The analysis set forth in this memorandum is consistent with the policy reflected in a number of provisions of the Code that an insurance company can be engaged in an active trade or business even though its principal assets consist of financial property. For example, this position has been taken in the following provisions: (i) the passive foreign investment company rules;10 (ii) the personal holding company rules,11 and (iii) the subpart F income rules.12

Furthermore, the analysis set forth in this memorandum is directly analogous to the treatment of land under the proposed regulations under Section 1400Z-2. Pursuant to the proposed regulations the IRS has expressly stated that land can be categorized as either a qualified zone business asset or a passive investment asset. Specifically, the preamble to the second set of proposed regulations under Section 1400Z-2 provides that:

“. . . the holding of land for investment does not give rise to a trade or business and such land could not be qualified opportunity zone property. Moreover, land is a crucial business asset for numerous types of operating businesses aside from real estate development, and the degree to which it is necessary or useful for taxpayers seeking to grow their businesses to improve the land that their businesses depend on will vary greatly by region, industry and particular business.”13

Applying these rules by analogy to insurance companies, it is clear that the financial assets used by an insurance company in the active conduct of an insurance trade or business also are “crucial business assets” and should be treated as assets used in an opportunity zone business and not “nonqualified financial property” with the meaning of Sections 1397C(b)(8) and 1397C(e).

Proposal

Based on the analysis above, we believe that the final regulations should provide an exception for an insurance company general account assets, similar to the working capital exception. We propose the following additional safe harbor as a new Prop. Reg. § 1.1400Z2(d)-1(d)(5)(v) to read as follows:

(v) Safe harbor for insurance company general account assets. Solely for purposes of applying section 1397C(e) to the definition of a qualified opportunity zone business under section 1400Z-2(d)(3), nonqualified financial property shall not include insurance company general account assets.

FOOTNOTES

1Section 1400Z-2(d)(1).
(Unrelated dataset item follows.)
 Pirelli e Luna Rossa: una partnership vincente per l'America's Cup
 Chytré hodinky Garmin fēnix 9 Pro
All section references herein are to the Code.

2Section 1400Z-2(d)(2).

3Section 1400Z-2(d)(3)(A)(i).

4Section 1400Z-2(d)(3)(A)(ii) (reference to Section 1397C(b)(2)); Prop. Reg. § 1.1400Z2(d)-1(d)(5)(i).

5Section 1400Z-2(d)(3)(A)(ii) (reference to Section 1397C(b)(4)); Prop. Reg. § 1.1400Z2(d)-1(d)(5)(ii).
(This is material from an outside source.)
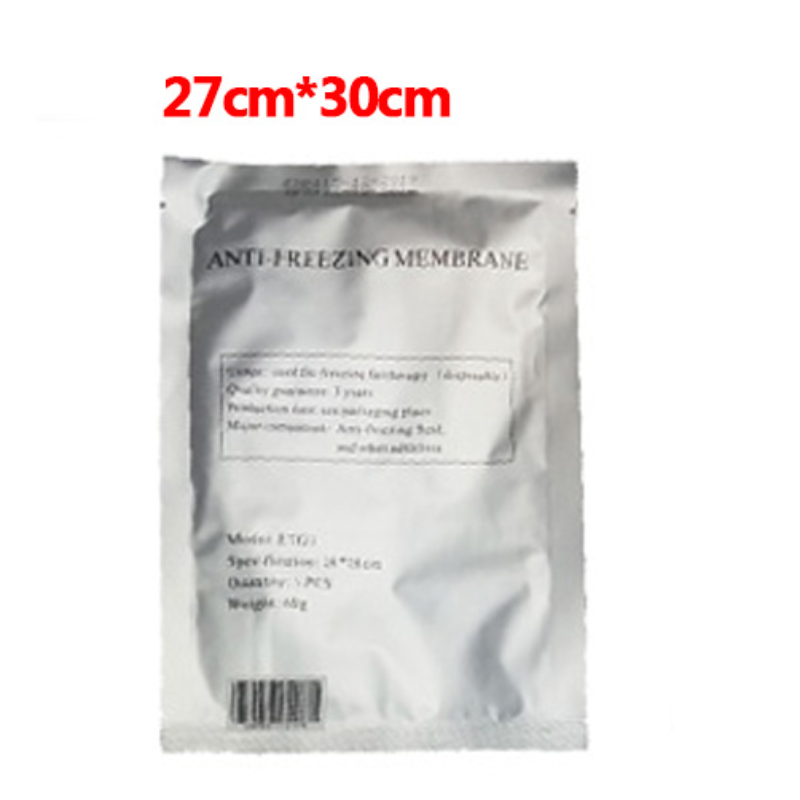 Accessories & Parts Antifreeze Membrane 3size 27x30cm 34x42cm 28x28cm Antifreezing Anti-freezing Pad For cold Weight reduce Cryo Therapy Slimming mach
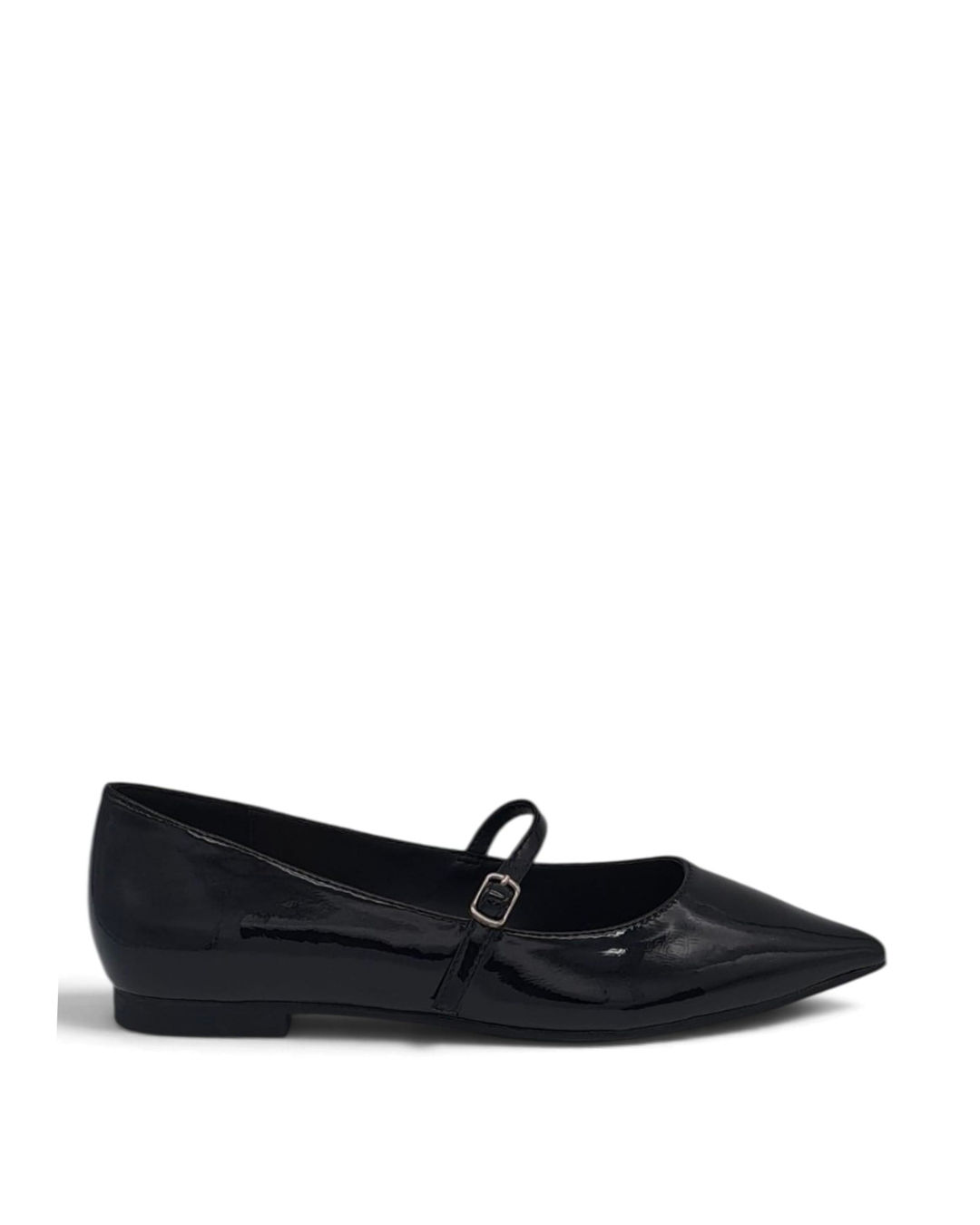 Mary Jane Madrid Black Paint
6Section 1400Z-2(d)(3)(A)(ii) (reference to Section 1397C(b)(8)); Prop. Reg. § 1.1400Z2(d)-1(d)(5)(iii).

883 Fed. Reg. 54279, 54288 (Oct. 29, 2018).

984 Fed. Reg. 18652, 18658 (May 1, 2019).
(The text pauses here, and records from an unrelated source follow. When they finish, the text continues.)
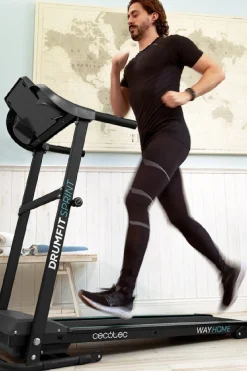 Cinta De Correr Plegable Cecotec Drumfit Wayhome 1400 Sprint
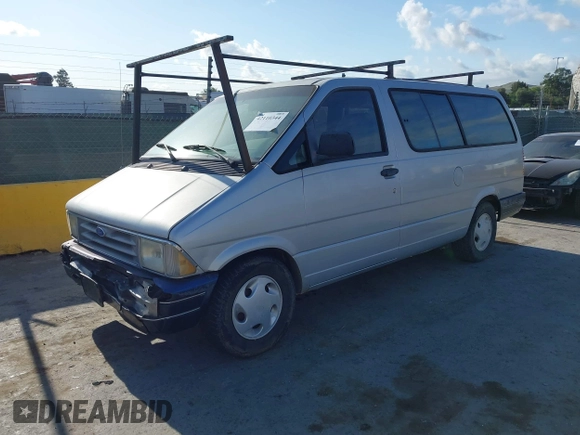 1993 Ford Aerostar with VIN 1FMDA31X1PZC83683, listed as a IAAI auction lot 42110344 with 197,919 mi miles. Bid and sale history available at carsss.com. Image 17.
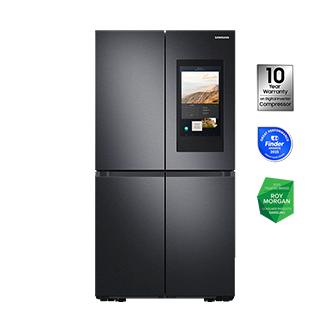 SRF7900BFH RF59A7F10B1/SA front top left open with food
10See Section 1297(b)(2) (for purposes of the passive foreign investment company rules, “passive income” does not include any income derived in the active conduct of an insurance business by a qualifying insurance corporation).

11See Section 542(c)(3) (excluding a life insurance company from the definition of personal holding company).

12See Section 954(i) (for purposes of the “subpart F income” rules, “foreign personal holding company income” does not include qualified insurance income of a qualifying insurance company).

1384 Fed. Reg. 18652, 18655 (May 1, 2019). The proposed regulations adopted an anti-abuse rule to prevent tax results that are “inconsistent with the purposes of section 1400Z-2” Prop. Reg. § 1400Z2(f)-1(c)(1).